O’Neil: Seahawks have a new identity — the team you can’t put away
The Seahawks used to swagger.
Now they’re steady.
They used to be a team that entered without knocking and busted up your house for three hours before leaving without saying goodbye.
Now, they’re the opponent that’s friendly enough, respectful even, but you can’t get rid of no matter how hard you try, and in fact no matter how hard they try to shoot themselves in the foot.
In the wake of Seattle’s second overtime victory in the span of nine days, we should all pause to note that this team clearly has a different identity this time around, one that was on full display Monday night in Santa Clara, Calif.
The Seahawks are that team that remains calm in the face of a double-digit deficit, unfazed by a pair of red-zone turnovers and so stone-cold resilient that they can stare down their own overtime screw up to knock off the last unbeaten team in the NFL.
These Seahawks are Russell Wilson’s deadpan demeanor in the face of a double-digit deficit.

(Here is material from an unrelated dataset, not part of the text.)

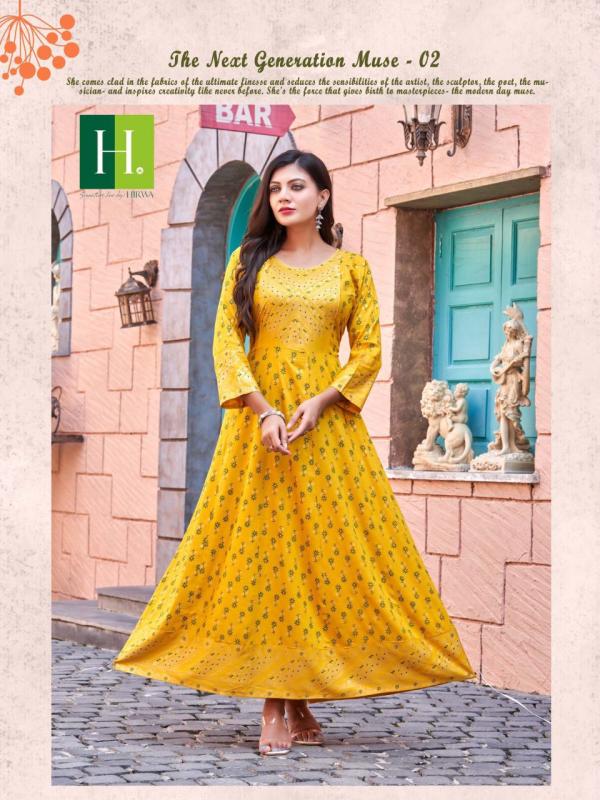 Hirwa Samantha 3 Long Rayon Designer Anarkali Kurti Collection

They are Shaquill Griffin’s determination to come back to make a play, stretching every inch of his frame in a headlong dive to deflect a pass thrown to a receiver who had run past him.

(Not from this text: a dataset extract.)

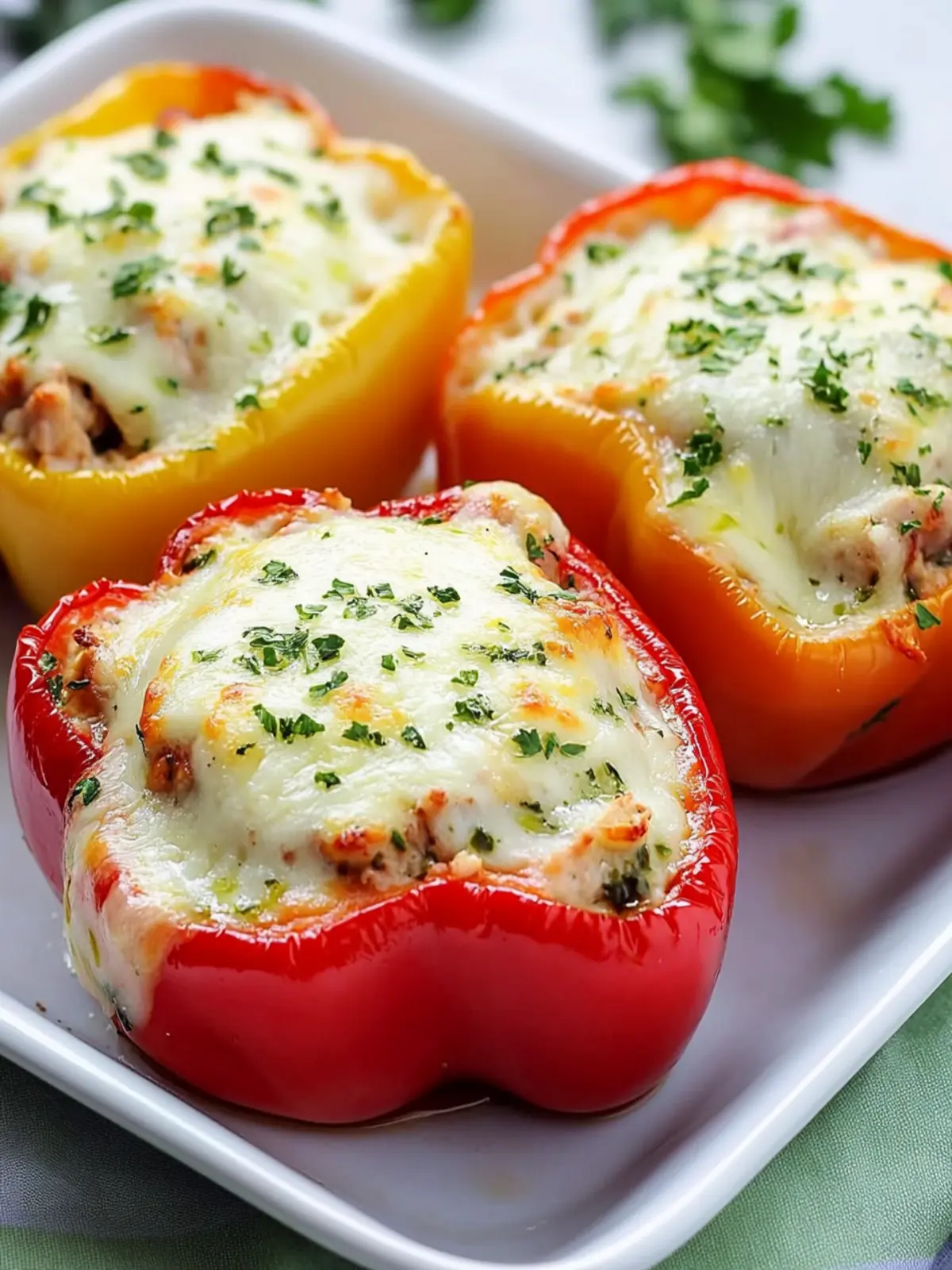 Tuna Melt Stuffed Bell Peppers: A Cheesy Keto Delight 4 Tuna Melt Stuffed Bell Peppers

They are Duane Brown – with a strained biceps and sore knee – running from the opposite side of the field to keep a 49ers linebacker from breaking a fifth tackle to return an interception for the game-winning touchdown.
This is no longer the team that swaggered and strutted its way to back-to-back Super Bowls. It doesn’t have that team’s personality nor its volatility, and there’s still a long way to go before we can say that they’re anywhere near as good, but we know one thing for sure about this season’s version of the Seattle Seahawks: They are incredibly tough to put away.
They’ve got alligator blood, as Teddy KGB famously described it in “Rounders.” You can’t get rid of them. They’re going to keep hanging around, hanging around and pretty soon we will stop shaking our heads at the field-goal attempts that opponents happen to miss and notice that when one team so consistently gives itself a chance to win, it’s going to catch a few breaks in those decisive moments.
The fact that all this happened in a game against the division rival that currently employs the player who best embodied the swagger of that Seahawks team that won the Super Bowl only made the difference more stark.
Seattle doesn’t intend to go anywhere. The Seahawks made that clear on Monday night in San Francisco in a game that was as puzzling as it was exciting. The Seahawks ground their gears for most of the first quarter, scored 21 points off San Francisco turnovers and won only after a replacement kicker hooked an eminently make-able field goal. But just about the time you want to chalk Seattle’s second overtime victory in nine days up to good fortune, you remember that Seattle won in spite of committing four turnovers, two of which were within 20 yards of the opponent’s end zone. And this Seahawks defense – which couldn’t seem to force so much as a punt the previous two games – kept the 49ers offense from reaching the end zone for the final 57 minutes of the game.
That gave Seattle a chance on Monday, and many times, that’s all that these Seahawks need.